Tuesday, 10 February 2004

Ceisteanna (90)

Ruairí Quinn


158 Mr. Quinn asked the Tánaiste and Minister for Enterprise, Trade and Employment the reason she decided not to pursue certain companies for the full costs of the Ansbacher inquiry; if she will give the full cost to the State of the inquiry; the original amount sought from the companies concerned; the actual amount settled for; and if she will make a statement on the matter. [3796/04]

Amharc ar fhreagra

Freagraí scríofa (Ceist ar Minister for Enterprise)

The application made to the High Court to recover the costs of the Ansbacher investigation carried out by the High Court-appointed inspectors was made by the Minister for Justice, Equality and Law Reform, who had defrayed the costs of the investigation. The application made was for the sum of €3,453,577.93, being the total costs of the investigation met by the Minister for Justice, Equality and Law Reform, at the time the application was made. The application was for the total amount against all parties.

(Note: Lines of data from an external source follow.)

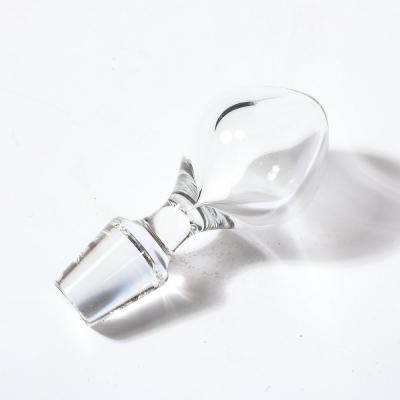  Baccarat Mid Century Modernist Crystal Decanter with Drop form Stopper Signed Baccarat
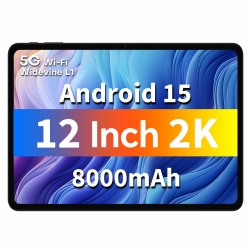 ODEA Tablet 12 Zoll 2K 2000x1200 Display, A12 Android 15 Tablets, 12GB RAM+128GB ROM(2TB TF), 8000mAh Angebot bei HelloDeals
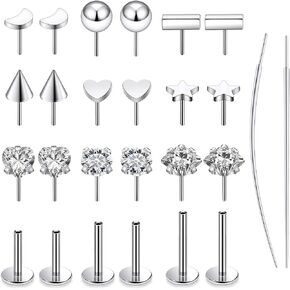20G 18G 16G Threadless Push in Nose Ring Studs Flat Back Stud Earrings 316L Surgical Steel Tragus Helix Cartilage Earrings Lip Labret Medusa Piercing Jewelry For Women Men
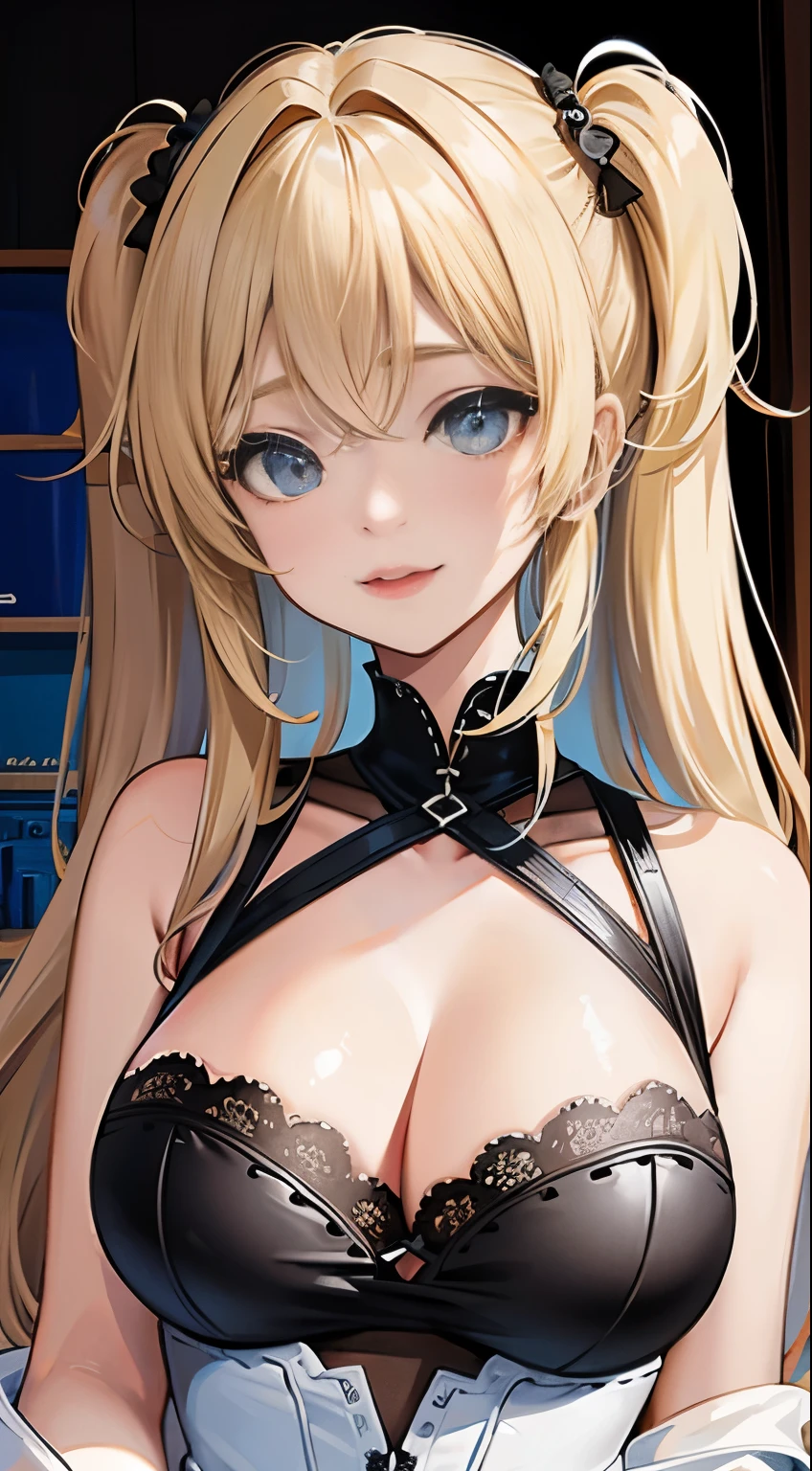 slight smile、big and full breasts、cleavage、huge tit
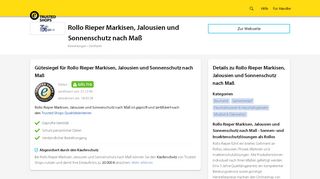 
                            6. Rollo Rieper Markisen, Jalousien und Sonnenschutz nach Maß ...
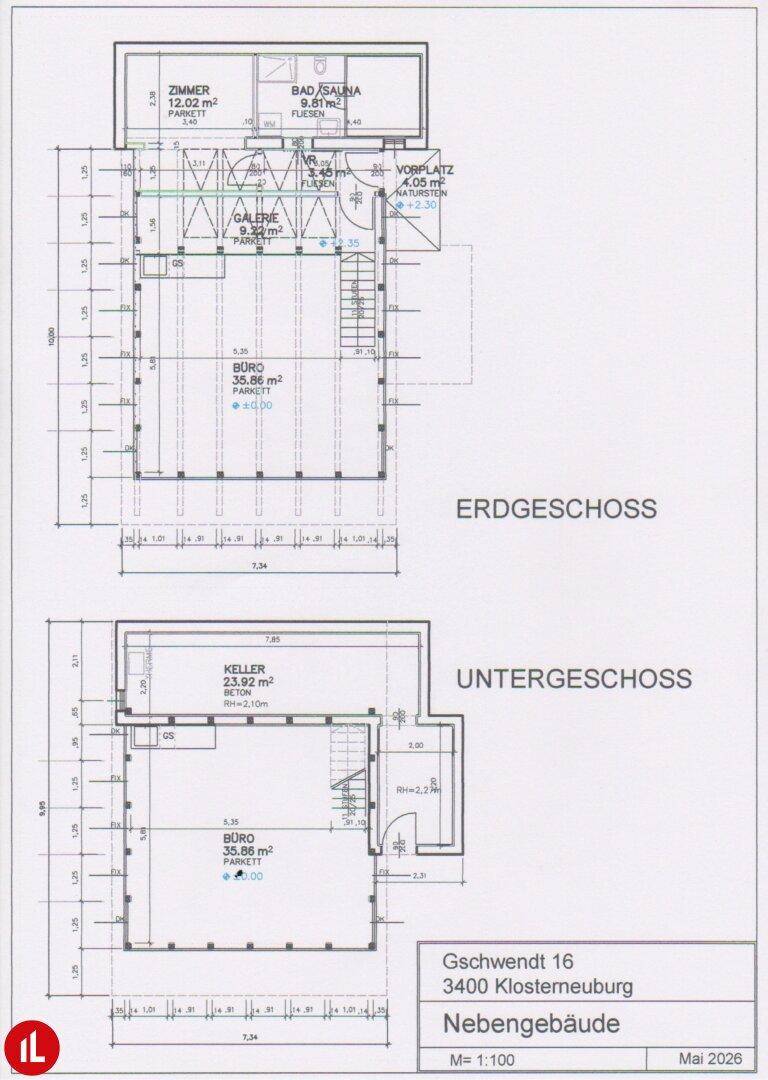 Grundriss des Nebengebäudes mit Büro, Sauna im Erdgeschoss und Keller im Untergeschoss.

The actual amount settled for was €1.25 million. As part of the settlement all parties agreed to pay their own legal costs, that is, the cost of dealing with the above-mentioned application of the Minister for Justice, Equality and Law Reform.

The decision to settle the application for a lesser sum was taken collectively by the Minister for Justice, Equality and Law Reform and I, in consultation with the Attorney General, and having considered all of the legal advice available to us. The decision was a difficult one and was not taken lightly.

The decision to settle the case was taken on the grounds that there was no guarantee the State would achieve a more favourable outcome if we decided to pursue the case to the bitter end.

In a previous High Court case, Siucre Éireann v. the Minister for Justice, Equality and Law Reform, the High Court had ruled that only the company which was the subject of the investigation could be required to make a contribution towards the costs of the investigation. Our legal advice was that this precedent would almost certainly be followed by the High Court in the Ansbacher case. This would have meant pursuing the matter in the Supreme Court if we wished to have parties other than Ansbacher bear some of the costs. We were advised that the prospects of successfully doing so were finely balanced. If the Supreme Court ruled against the State, the State would have been faced with fairly massive costs in favour of those companies which were not the main subject of the investigation but which featured in the inspectors' report.

We were also advised that there was a significant risk that the High Court might not direct Ansbacher to pay all, or any significant portion, of the costs of the investigation because Ansbacher and its present owners had co-operated with the investigation and because of the inspectors' acknowledgement that almost all of the wrongdoing uncovered in their report took place prior to the acquisition of Ansbacher by its present owners and that the present owners took steps to bring the irregularities to an end when they became aware of them.

Question No. 159 answered with QuestionNo. 157.
Question No. 160 answered with QuestionNo. 143.